The Persona shell consists of a simple command parser and set of Python submodules that implement common bioinformatics tools using Persona's TensorFlow-based dataflow framework.
Before continuing, make sure you have installed the Persona System and entered the virtual environment:
source path-to-persona-system/python-dev/bin/activate
The persona
Python script is the entry point to the Persona environment. You may want to add it to your PATH.
Use persona -h
to get a list of all available functions.

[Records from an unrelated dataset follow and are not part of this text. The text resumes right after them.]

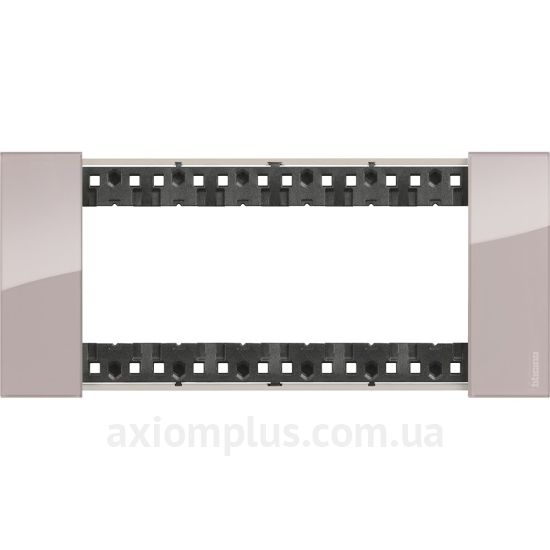 Изображение Bticino серии Living Now KA4806DM бежевого цвета
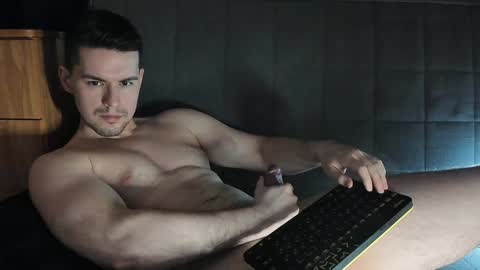 Snapshot of dennis_night chatting on 01/19/25, 11:32 Den online show from 01/19/25, 11:32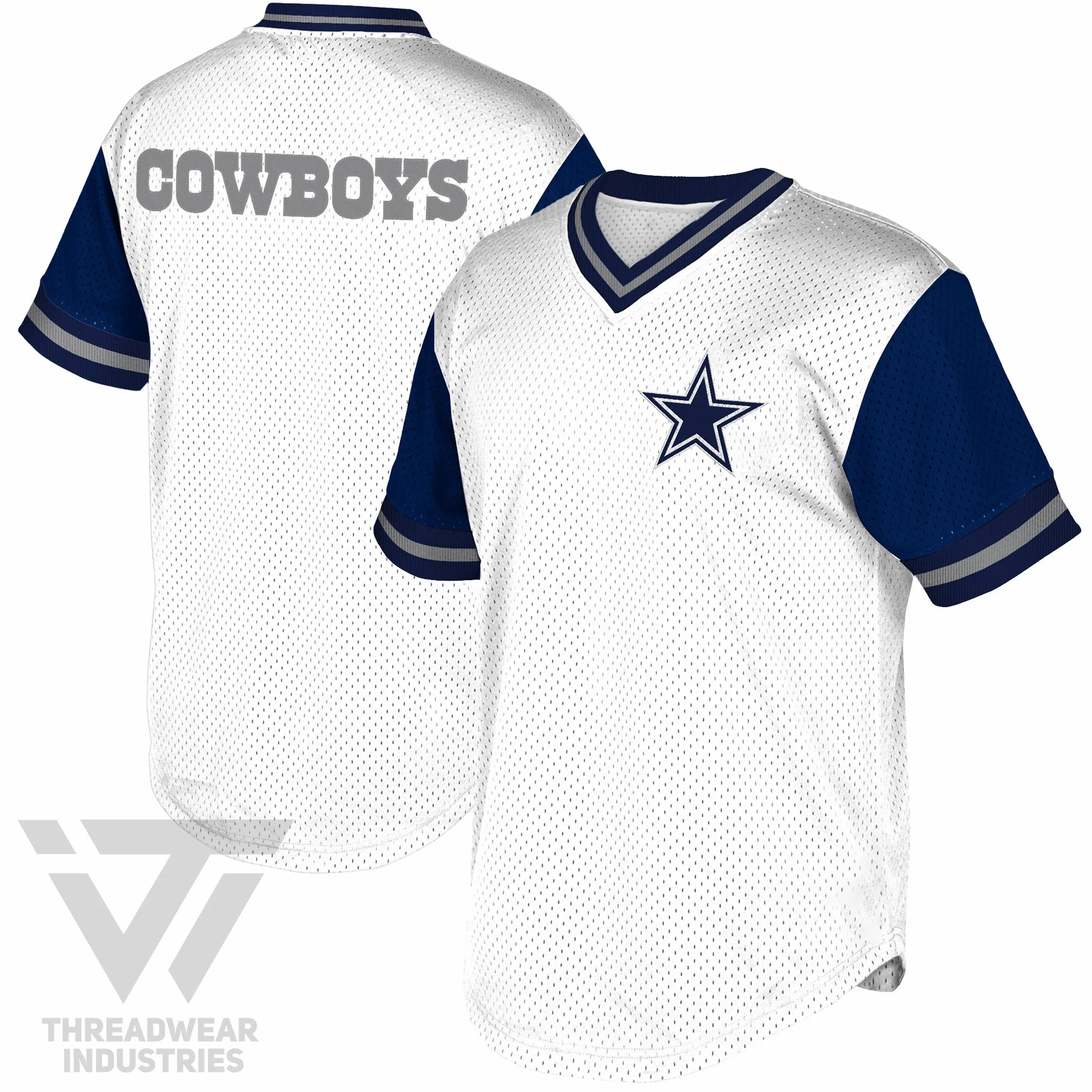 Футболка с V-образным вырезом и вышивкой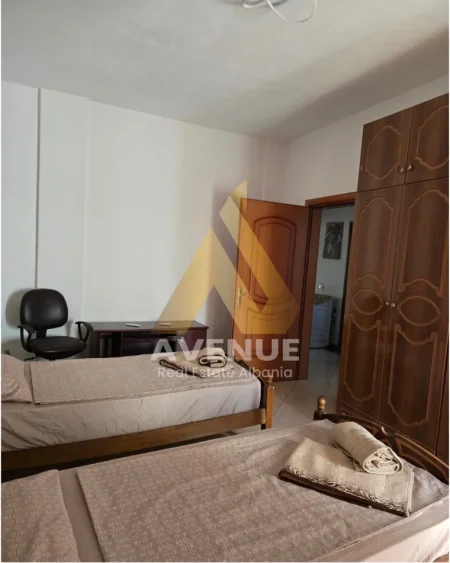 Tirane, jepet me qera Vile 2+1 Kati 3, 650 € (Rruga Siri Kodra)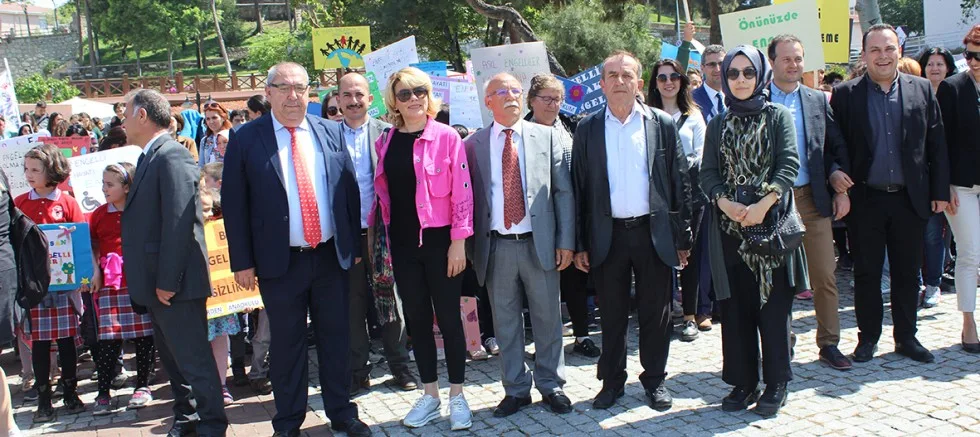 Engelliler Haftasında Farkındalık Yürüyüşü Gerçekleştirdiler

First, you will probably want to import a dataset. Persona operates on the AGD format, which is efficient and allows for seamless scale-out distribution. Use one of the import functions to import your data, for example:
persona import-fastq --paired -p 4 --compress-parallel 6 -w 2 -o <output_directory> -n my_dataset file_1.fastq file_2.fastq
will import a paired FASTQ dataset into an AGD dataset called "my_dataset". Use persona import_fastq -h
to see what all the options are for.
Generally, many will control parallelism at the IO read, compute, and IO write stages.
You can tweak these numbers to get better performance.
The output_directory
will now contain your paired dataset in AGD format.
To display ranges of records in the terminal you can use the display command
persona display 0 7 -d <dataset_directory> <dataset_directory>/metadata.json
This can be useful for sanity checking results.